» **ASSIGNMENT**: Restate word for word the lines of the listing below, from its first line through the line with "Product Introduction of", without the pictures.

BEGIN SUPPLIED RECORDS

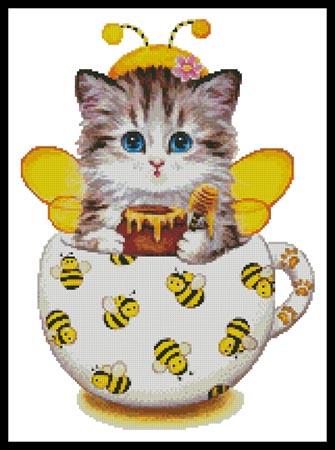 Bee Kitty Cup - Artecy Cross Stitch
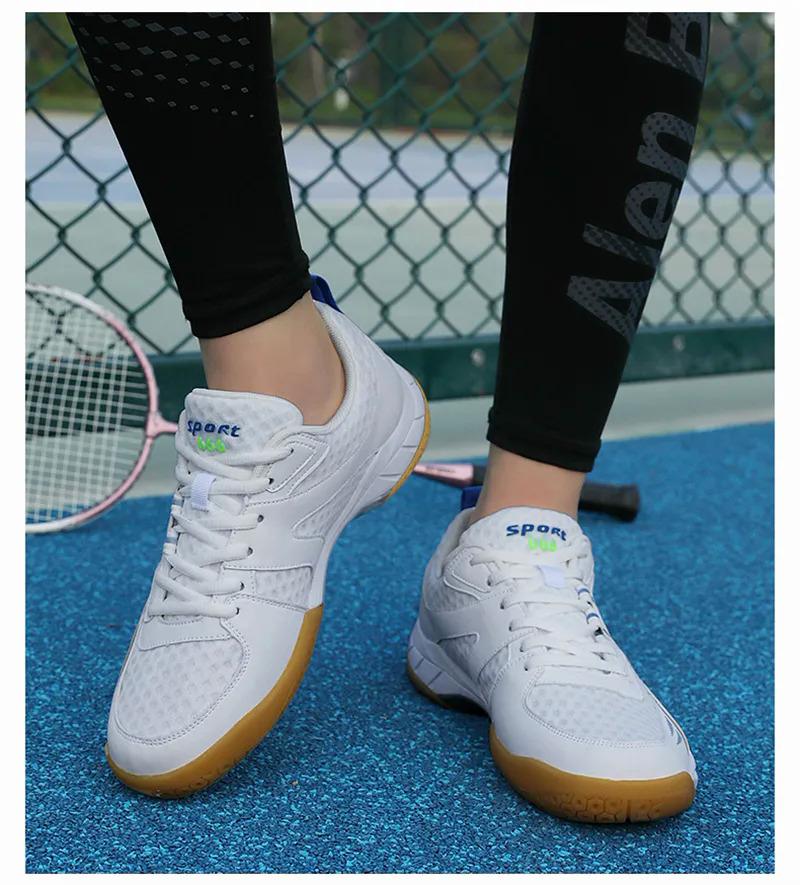 Product Introduction of Badminton Shoes for Men Non-slip Sneakers Tennis Volleyball Shoes Table Tennis Shoes Women Sports Professional Training Athletics Size 36-45 Free Socks and Free Delivery 37
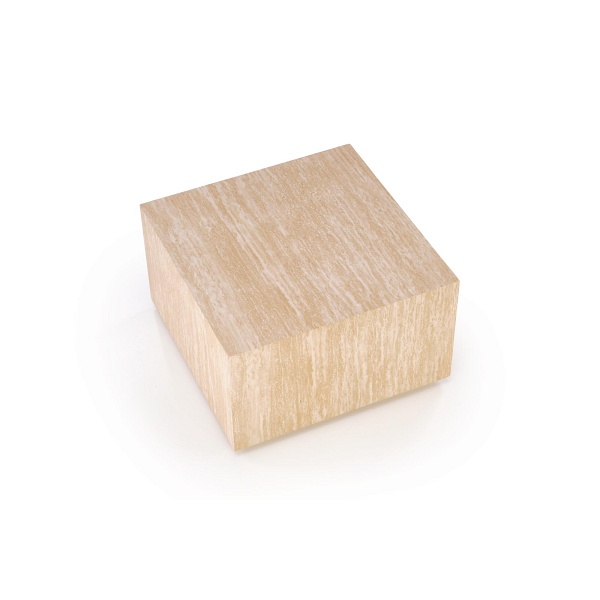 Ława TRAVERTINO KWADRAT , trawertyn - Halmar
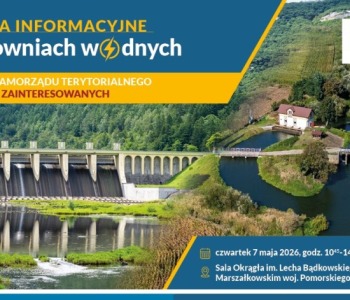 Elektrownie wodne - zaproszenie na spotkanie informacyjne
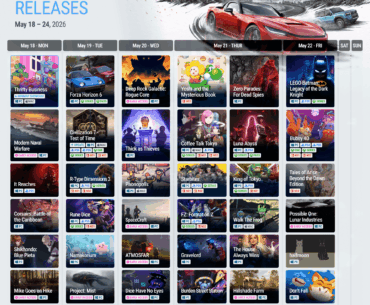 Game Release Calendar May Week 4 - Forza Horizon 6 coming out with 30+ other games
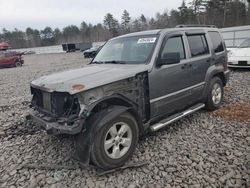 Salvage cars for sale from Copart Windham, ME: 2012 Jeep Liberty Sport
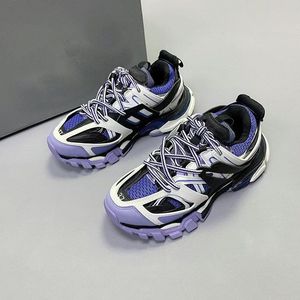 Yeni Moda Rahat Erkekler Ayakkabı Track1 Eklenmiş Örgü Sneakers Kadınlar Için Üçlü Spor Temizle Tek En Kaliteli Eğitim Baba Ayakkabı MKJ00003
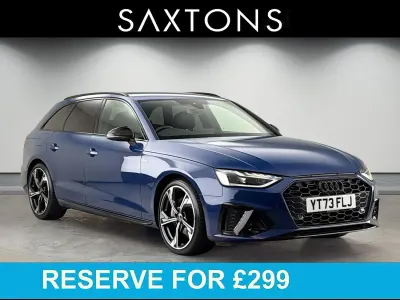 Used Audi A4 Black Edition 204 HP (150 kW) 2023 Ascari blue metallic Estate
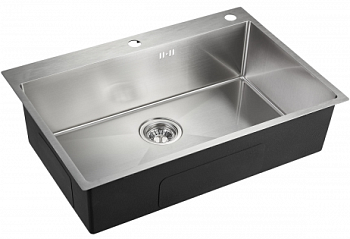 Фото товара: Emar EMB-125A PVD Nano Satine, мойка, нержавеющая сталь сатин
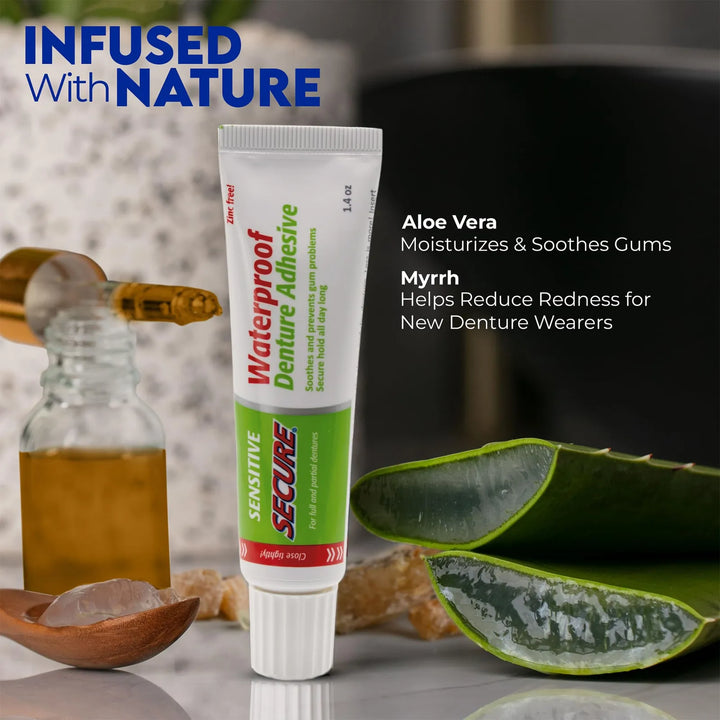 Adhesivo Impermeable Para Dentaduras Postizas Con Aloe Vera - Imagen 3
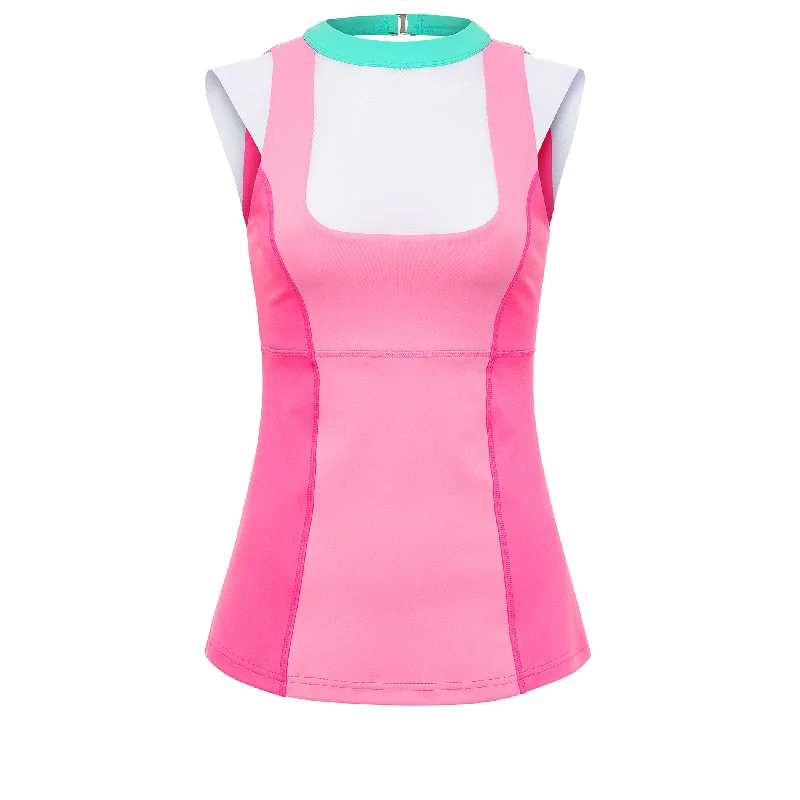 Mega Discount After Midnight Princess Athletic Tank Top - Pink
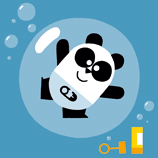 geboortekaartje panda reuzenpanda
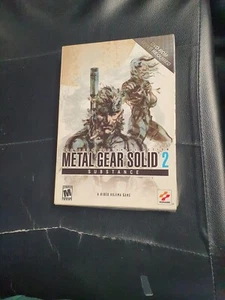 Konami Metal Gear Solid 2 Sustance Caja Pequeña IBM PC DVD 2003 NUEVO/SELLADO - Imagen 1 de 2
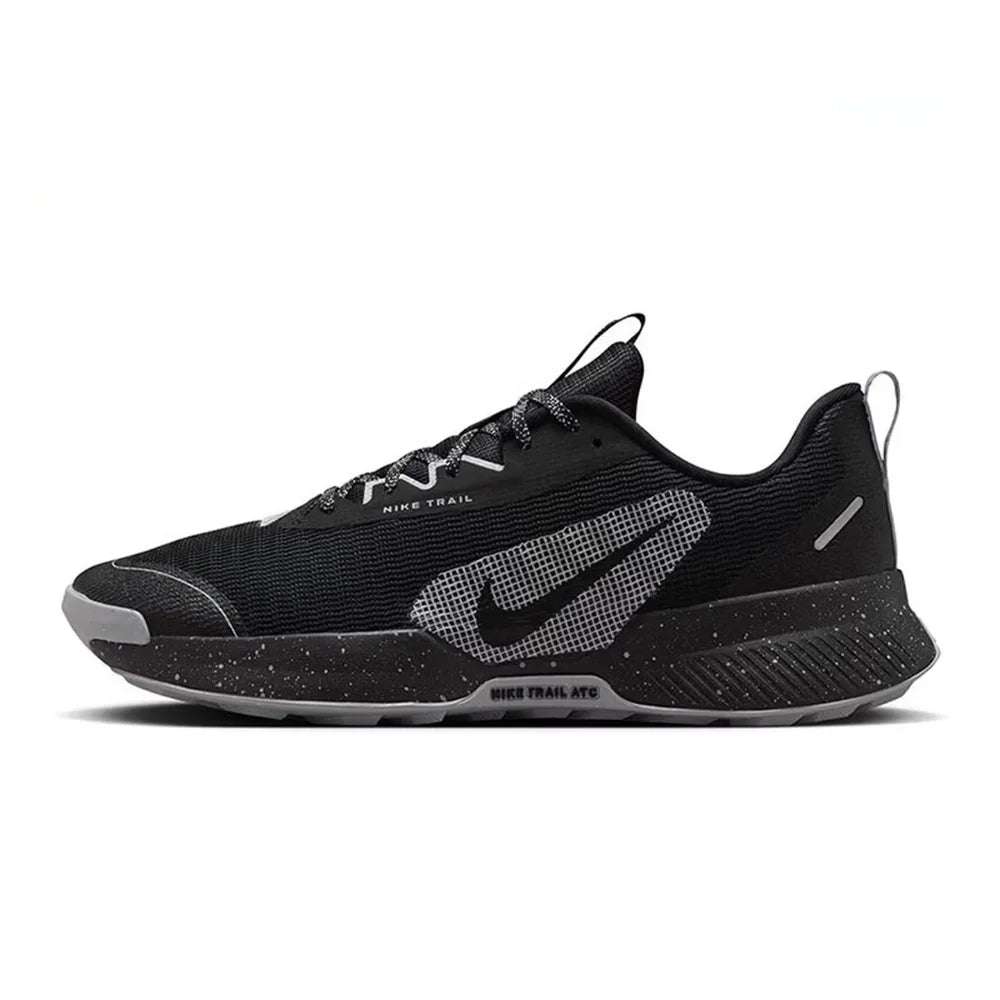 Nike Juniper Irail 3: comfortabele, duurzame en ondersteunende lage trailrunningschoenen voor heren in zwart en grijs FQ0904-001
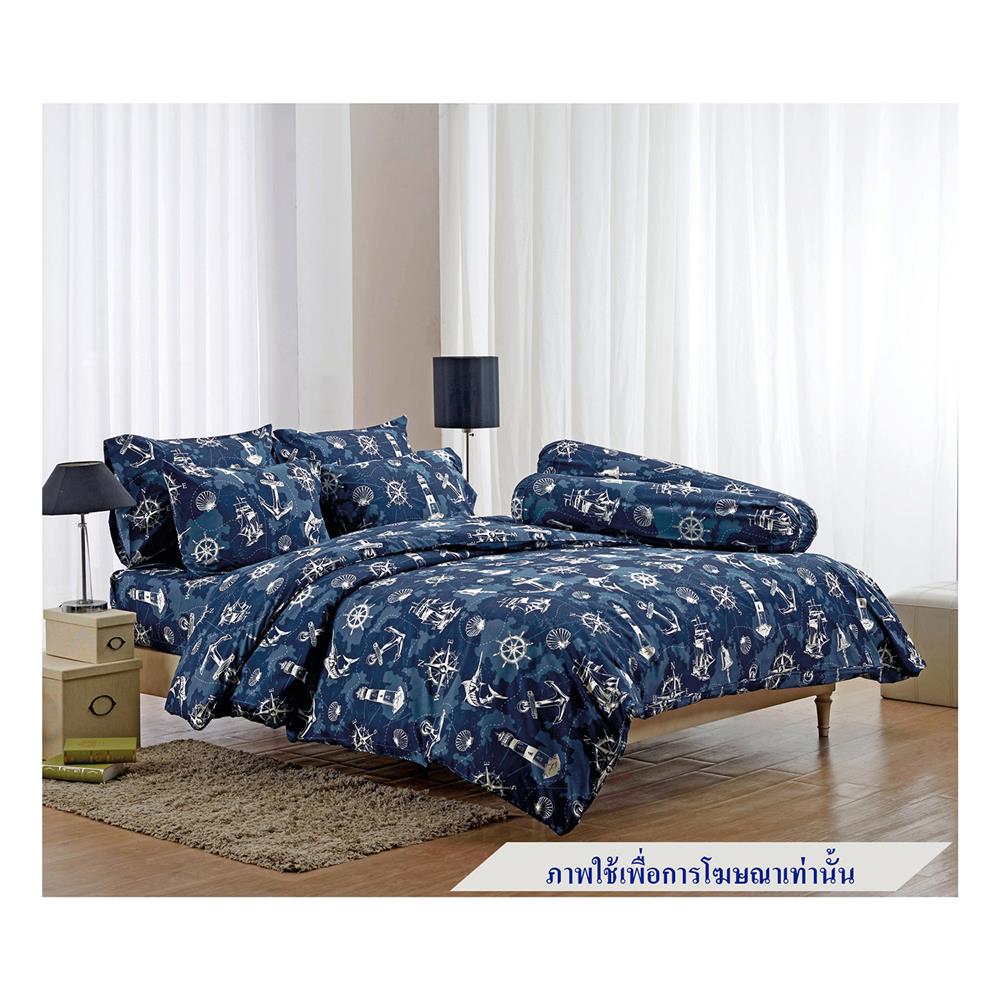 ชุดผ้าปูที่นอน 6 ฟุต 6 ชิ้น FOUNTAIN PRINTED 70209-FT063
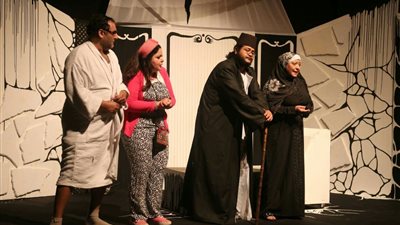 «شقة عم نجيب» تستضيف الهيئة العربية للمسرح (صور)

END SUPPLIED RECORDS

» **WRITTEN ANSWER**:
 Bee Kitty Cup - Artecy Cross Stitch
 Product Introduction of Badminton Shoes for Men Non-slip Sneakers Tennis Volleyball Shoes Table Tennis Shoes Women Sports Professional Training Athletics Size 36-45 Free Socks and Free Delivery 37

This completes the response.